O Zagallo era um técnico extremamente na frente dos outros em termos de estratégias naquela época. Ele era tocado por detalhes táticos. Treinava, repetia. Aprendi coisas que nunca tinha feito na Seleção ou no Cruzeiro. Uma coisa que hoje é comum, mas que na época nenhum time brasileiro fazia. Ele deu uma cara coletiva ao time. É uma injustiça quando falam que a Seleção só tinha craques e que não precisava de técnico.

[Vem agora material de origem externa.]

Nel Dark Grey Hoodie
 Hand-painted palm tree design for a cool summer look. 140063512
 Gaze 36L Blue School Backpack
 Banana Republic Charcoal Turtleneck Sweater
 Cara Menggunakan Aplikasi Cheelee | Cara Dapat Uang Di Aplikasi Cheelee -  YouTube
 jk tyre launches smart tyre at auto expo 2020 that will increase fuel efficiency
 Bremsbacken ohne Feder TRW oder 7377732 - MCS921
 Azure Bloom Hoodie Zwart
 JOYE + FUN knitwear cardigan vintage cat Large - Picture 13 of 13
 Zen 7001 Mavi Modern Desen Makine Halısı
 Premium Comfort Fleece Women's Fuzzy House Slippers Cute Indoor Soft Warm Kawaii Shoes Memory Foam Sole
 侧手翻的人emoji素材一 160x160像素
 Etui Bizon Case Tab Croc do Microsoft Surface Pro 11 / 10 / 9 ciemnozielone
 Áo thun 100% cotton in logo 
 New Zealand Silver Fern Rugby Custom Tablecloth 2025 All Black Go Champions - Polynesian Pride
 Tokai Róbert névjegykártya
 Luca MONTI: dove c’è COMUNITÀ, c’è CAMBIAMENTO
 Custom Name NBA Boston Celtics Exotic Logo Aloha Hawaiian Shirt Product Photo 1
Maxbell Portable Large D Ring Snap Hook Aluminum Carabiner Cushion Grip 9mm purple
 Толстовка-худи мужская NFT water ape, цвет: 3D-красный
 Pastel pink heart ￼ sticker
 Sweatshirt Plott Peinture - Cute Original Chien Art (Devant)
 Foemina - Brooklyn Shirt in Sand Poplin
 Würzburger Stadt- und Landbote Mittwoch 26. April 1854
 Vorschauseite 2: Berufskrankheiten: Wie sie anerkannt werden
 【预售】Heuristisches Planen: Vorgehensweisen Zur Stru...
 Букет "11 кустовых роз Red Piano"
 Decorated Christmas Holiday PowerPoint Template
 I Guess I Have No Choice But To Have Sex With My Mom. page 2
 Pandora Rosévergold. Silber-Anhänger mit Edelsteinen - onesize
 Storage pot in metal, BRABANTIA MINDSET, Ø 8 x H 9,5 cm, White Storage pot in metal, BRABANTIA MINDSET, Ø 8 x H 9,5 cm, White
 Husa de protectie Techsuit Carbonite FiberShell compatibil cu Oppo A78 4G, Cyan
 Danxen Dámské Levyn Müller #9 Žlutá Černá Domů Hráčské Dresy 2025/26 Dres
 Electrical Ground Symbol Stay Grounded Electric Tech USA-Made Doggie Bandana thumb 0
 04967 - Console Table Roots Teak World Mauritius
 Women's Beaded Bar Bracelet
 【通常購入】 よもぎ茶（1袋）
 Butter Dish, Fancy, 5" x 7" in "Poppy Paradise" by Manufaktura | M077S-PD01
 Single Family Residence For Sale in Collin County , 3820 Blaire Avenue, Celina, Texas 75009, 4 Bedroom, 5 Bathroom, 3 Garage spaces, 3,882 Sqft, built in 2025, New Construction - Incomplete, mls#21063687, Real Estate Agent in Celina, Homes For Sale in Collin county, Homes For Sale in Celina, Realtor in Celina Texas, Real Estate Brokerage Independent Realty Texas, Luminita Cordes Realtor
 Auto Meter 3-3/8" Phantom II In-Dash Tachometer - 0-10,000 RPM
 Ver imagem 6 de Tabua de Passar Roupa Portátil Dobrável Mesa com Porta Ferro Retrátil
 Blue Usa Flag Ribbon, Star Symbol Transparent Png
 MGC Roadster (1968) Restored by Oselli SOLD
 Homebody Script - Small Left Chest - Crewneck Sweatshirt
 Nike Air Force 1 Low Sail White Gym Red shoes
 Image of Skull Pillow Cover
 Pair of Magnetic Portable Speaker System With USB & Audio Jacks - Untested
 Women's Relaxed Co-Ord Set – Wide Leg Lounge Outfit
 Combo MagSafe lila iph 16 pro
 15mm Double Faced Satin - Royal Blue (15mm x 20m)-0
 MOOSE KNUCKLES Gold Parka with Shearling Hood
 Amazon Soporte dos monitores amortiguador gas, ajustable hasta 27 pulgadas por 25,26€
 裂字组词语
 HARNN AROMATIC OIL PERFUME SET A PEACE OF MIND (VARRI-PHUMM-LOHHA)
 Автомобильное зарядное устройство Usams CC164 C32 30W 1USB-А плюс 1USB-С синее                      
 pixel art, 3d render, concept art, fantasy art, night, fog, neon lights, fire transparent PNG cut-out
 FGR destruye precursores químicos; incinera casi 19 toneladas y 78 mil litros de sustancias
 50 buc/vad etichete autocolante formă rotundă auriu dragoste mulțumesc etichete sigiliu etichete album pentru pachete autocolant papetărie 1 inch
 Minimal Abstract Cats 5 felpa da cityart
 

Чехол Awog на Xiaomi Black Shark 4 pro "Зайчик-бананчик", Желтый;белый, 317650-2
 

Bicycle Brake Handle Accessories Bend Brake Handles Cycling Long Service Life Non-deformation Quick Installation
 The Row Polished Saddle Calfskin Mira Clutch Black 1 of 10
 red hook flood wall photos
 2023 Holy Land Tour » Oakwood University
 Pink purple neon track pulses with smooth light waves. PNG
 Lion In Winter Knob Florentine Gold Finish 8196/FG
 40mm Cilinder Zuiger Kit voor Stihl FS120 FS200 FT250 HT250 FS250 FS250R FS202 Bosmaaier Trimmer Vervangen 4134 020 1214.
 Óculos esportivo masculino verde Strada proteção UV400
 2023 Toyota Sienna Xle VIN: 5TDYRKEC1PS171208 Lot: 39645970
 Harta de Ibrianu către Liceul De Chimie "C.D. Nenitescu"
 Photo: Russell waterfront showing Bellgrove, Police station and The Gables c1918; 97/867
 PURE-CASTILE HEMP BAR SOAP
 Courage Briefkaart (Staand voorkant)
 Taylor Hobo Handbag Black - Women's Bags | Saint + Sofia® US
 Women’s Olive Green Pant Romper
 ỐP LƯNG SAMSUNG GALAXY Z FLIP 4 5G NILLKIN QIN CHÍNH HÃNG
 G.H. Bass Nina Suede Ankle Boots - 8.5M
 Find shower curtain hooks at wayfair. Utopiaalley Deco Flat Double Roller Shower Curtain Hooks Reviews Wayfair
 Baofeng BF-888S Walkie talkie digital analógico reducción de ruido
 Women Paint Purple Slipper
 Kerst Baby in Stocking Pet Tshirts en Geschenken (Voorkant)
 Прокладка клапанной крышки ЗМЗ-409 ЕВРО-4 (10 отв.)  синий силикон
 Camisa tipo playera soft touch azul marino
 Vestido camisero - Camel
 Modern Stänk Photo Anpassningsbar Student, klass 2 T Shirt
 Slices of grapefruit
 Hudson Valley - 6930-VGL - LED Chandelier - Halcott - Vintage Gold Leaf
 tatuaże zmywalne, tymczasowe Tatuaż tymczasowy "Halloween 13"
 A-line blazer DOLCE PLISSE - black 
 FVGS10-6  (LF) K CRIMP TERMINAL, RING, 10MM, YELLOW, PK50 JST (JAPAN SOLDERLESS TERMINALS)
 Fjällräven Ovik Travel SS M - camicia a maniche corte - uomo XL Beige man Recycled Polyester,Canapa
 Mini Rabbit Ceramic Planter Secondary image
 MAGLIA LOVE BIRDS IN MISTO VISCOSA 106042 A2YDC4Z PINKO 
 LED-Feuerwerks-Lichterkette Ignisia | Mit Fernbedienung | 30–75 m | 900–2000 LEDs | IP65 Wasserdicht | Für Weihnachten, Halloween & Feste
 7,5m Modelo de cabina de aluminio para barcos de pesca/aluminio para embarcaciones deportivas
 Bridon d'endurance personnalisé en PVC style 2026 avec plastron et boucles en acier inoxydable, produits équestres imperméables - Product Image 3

 A Copa de 1974 seria “a sua Copa”?
Depois da Copa de 70, o Pelé parou de jogar na Seleção. Eu, teoricamente, seria um dos astros do time. Era colocado como um dos protagonistas, por isso tinha tudo para chegar em 74, mas parei de jogar um ano antes por causa de um problema no olho.

“O detalhe mais importante é que o futebol mudou. Se não melhorar, o Brasil vai correr risco (nas Eliminatórias). Pode até não ir à Copa de 2018”

  

Como analisa a Seleção Brasileira hoje?
As seleções sul-americanas melhoraram muito. O Brasil não consegue formar um bom conjunto e sente falta de “dois Neymar”. Os outros são bons jogadores, mas faltam mais atletas excepcionais, próximos ao Neymar. Muitos estão crescendo, mas na prática, em campo, o futebol brasileiro não consegue coletivamente formar um time muito forte. O detalhe mais importante é que o futebol mudou; os europeus evoluíram muito taticamente, com capacidade de atacar e defender com muitos jogadores. O Brasil vai correr risco (nas Eliminatórias) se não melhorar. Pode até não ir à Copa de 2018.